The European Union was clearly part of the plot and so was the United Nations.
The Gulf War and the missiles that Saddam Hussein had fired on Israel were yet more steps toward the final reckoning.
(The Uses and Abuses of History, Profile, 2009, pp 64-65)
On the Distinction Between True and False Visions
[
Ronald Reagan (1911–2004),] who spent World War II in Hollywood, vividly described his own role in liberating Nazi concentration camp victims. …
On many occasions in his Presidential campaigns, [Reagan recounted his] epic story of World War II courage and sacrifice, an inspiration [to] all of us.
Only it never happened …
[It] was the plot of the movie
A Wing and a Prayer …
{Living in the film world, he apparently confused a movie he had [experienced] with a reality he had not.}
Many other instances of this sort can be found in Reagan's public statements.
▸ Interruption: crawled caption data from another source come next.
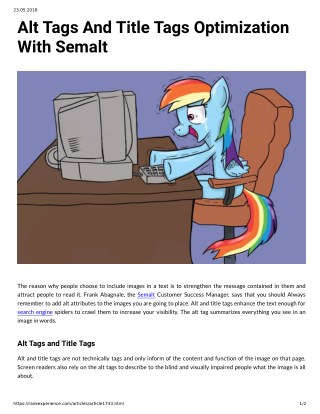 Alt Tags And Title Tags Optimization With Semalt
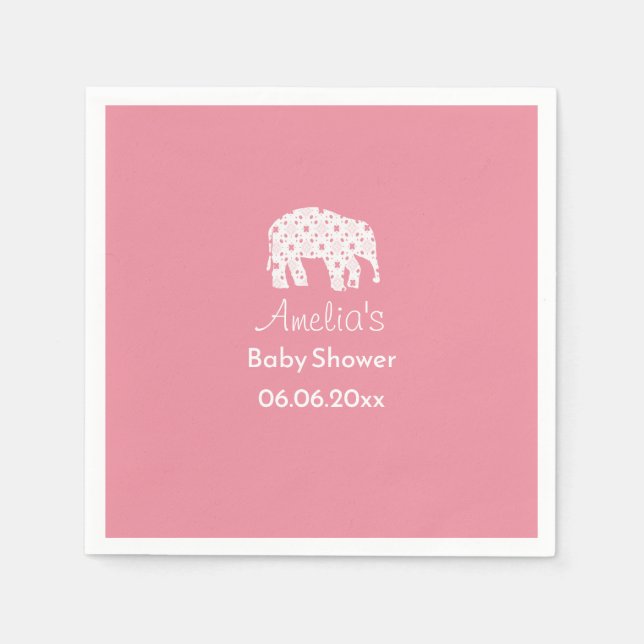 Pretty White Elephant Personalized Baby Shower  Napkins (Front)
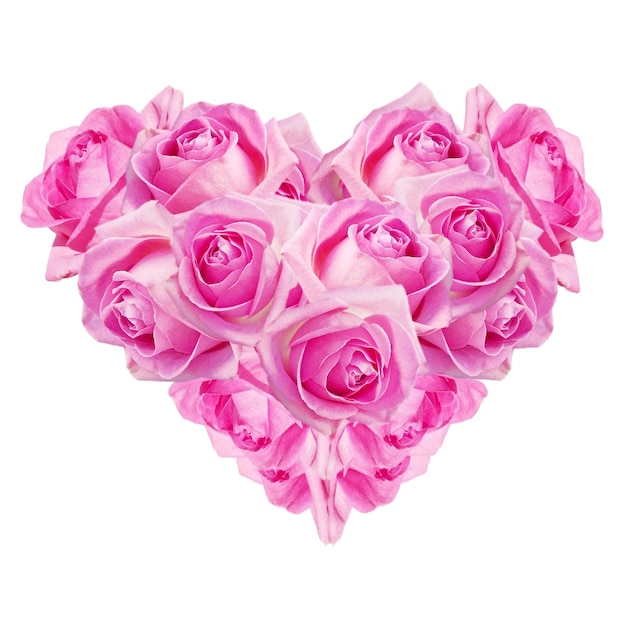 Isolated rose bouquet in heart shape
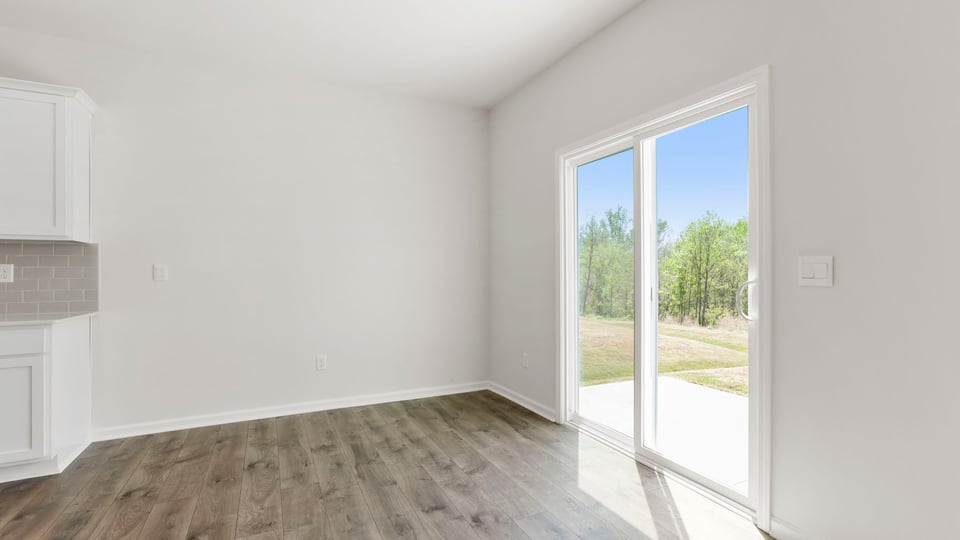 Breakfast table with sliding doors.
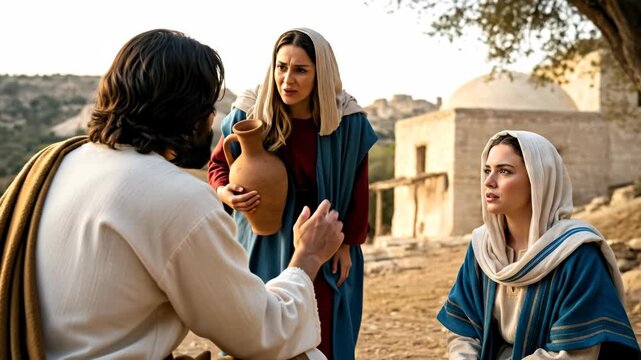 Man teaching two women about Christian faith, gospel, and spiritual wisdom outdoors, ancient biblical world footage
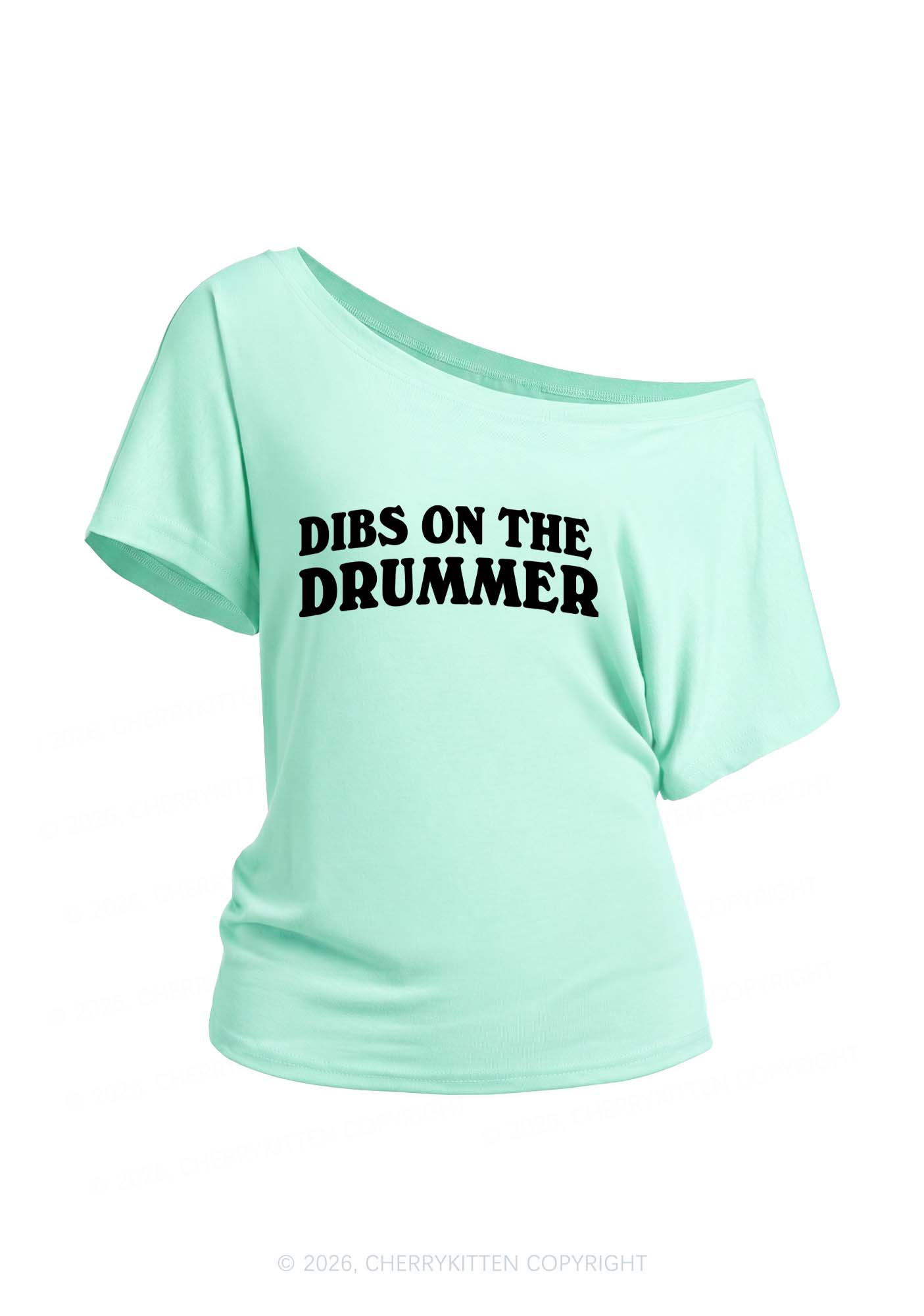 Dibs On The Drummer Y2K Off Shoulder Tee Cherrykitten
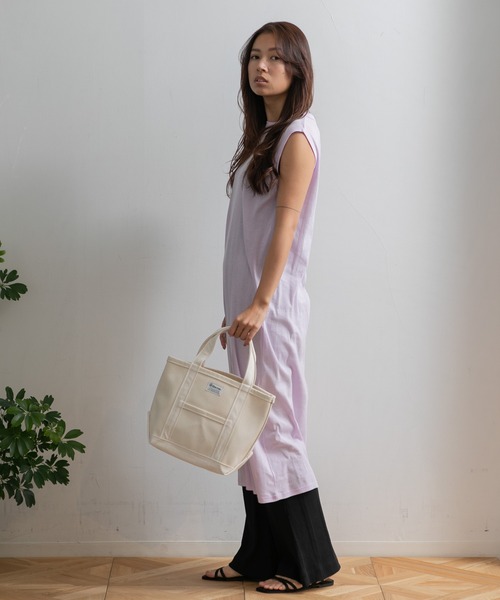 ORCIVAL(オーシバル)の「ORCIVAL TOTE BAG SMALL(トートバッグ・レディース・ブルー/アイボリー/チャコール/チャコールグレー・FREE)」の6枚目の写真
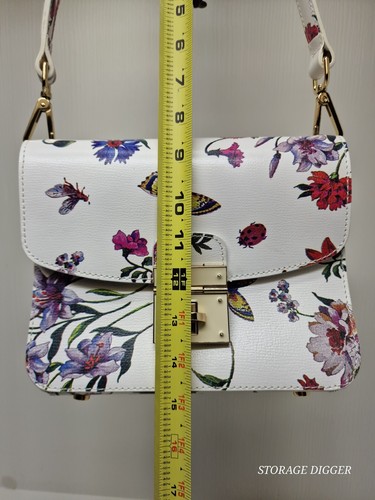 Stauer Primavera Handbag Women's White Italian Floral Genuine Leather Top Handle - Picture 14 of 16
It is not hard to imagine serious public dangers emerging out of instances in which political, military, scientific or religious leaders are unable to distinguish fact from … fiction.
(
Carl Sagan,
The Demon Haunted World, 1997, p 132)
Ceiling and Visibility Unlimited
In many ways George Bush was what Ronald Reagan pretended to be.
As an actor, Ronald Reagan played the war hero.
George Bush was a war hero — a decorated naval aviator.
Ronald Reagan played the athlete.
George Bush was the captain of his Yale baseball team and played twice in the college championship game.
He was also a first rate tennis player.
Both preached family values, but only Bush could point to a happy family.
After four decades of public life, George Bush feels his most important accomplishment in life is that his children still come home. …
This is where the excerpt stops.